Recorded data

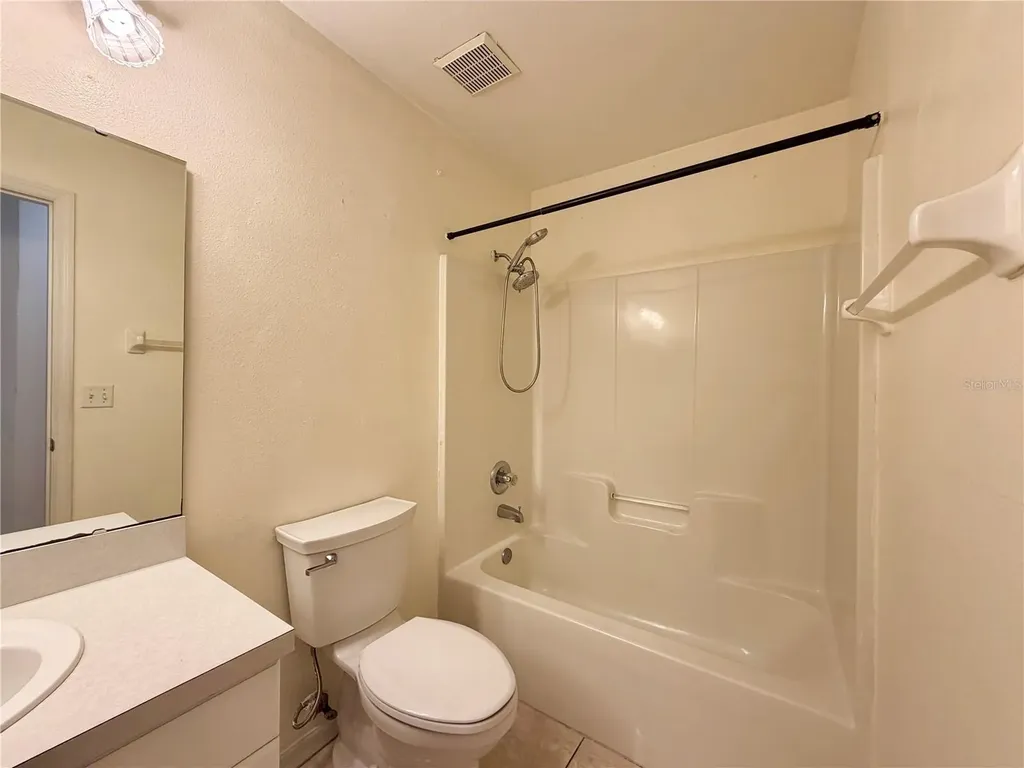 530 Finch Lane Kissimmee FL 34759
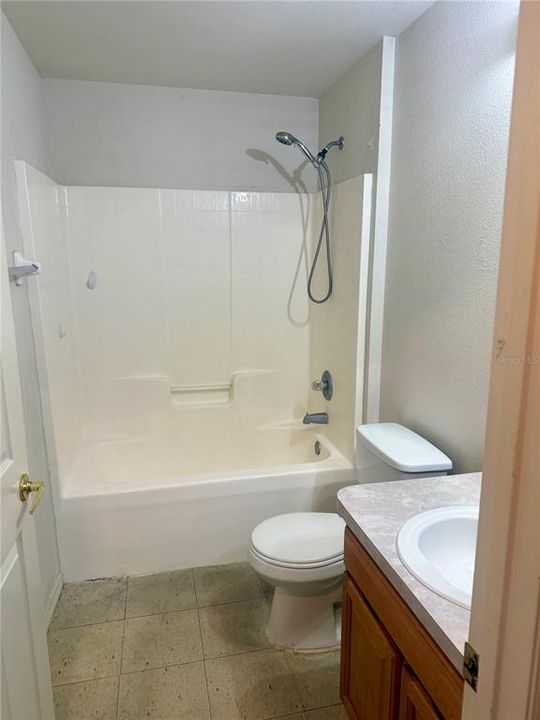 For Sale: $275,000 (3 beds, 2 baths, 1606 Square Feet)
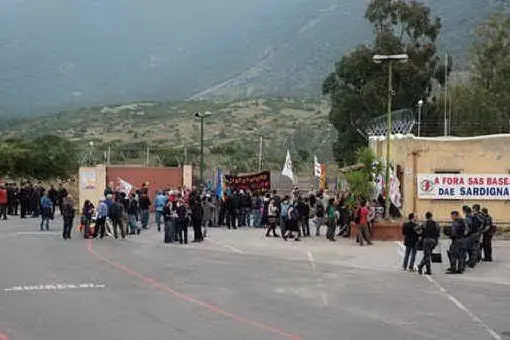 Una delle tante proteste antimilitariste sul paizzale dello stabilimento (foto Simone Farris)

Problem to work on
From the line containing "For Sale: $275,000" to the end of the listing, restate each line word for word and nothing more; the pictures stay out.

Output of the task
 For Sale: $275,000 (3 beds, 2 baths, 1606 Square Feet)
 Una delle tante proteste antimilitariste sul paizzale dello stabilimento (foto Simone Farris)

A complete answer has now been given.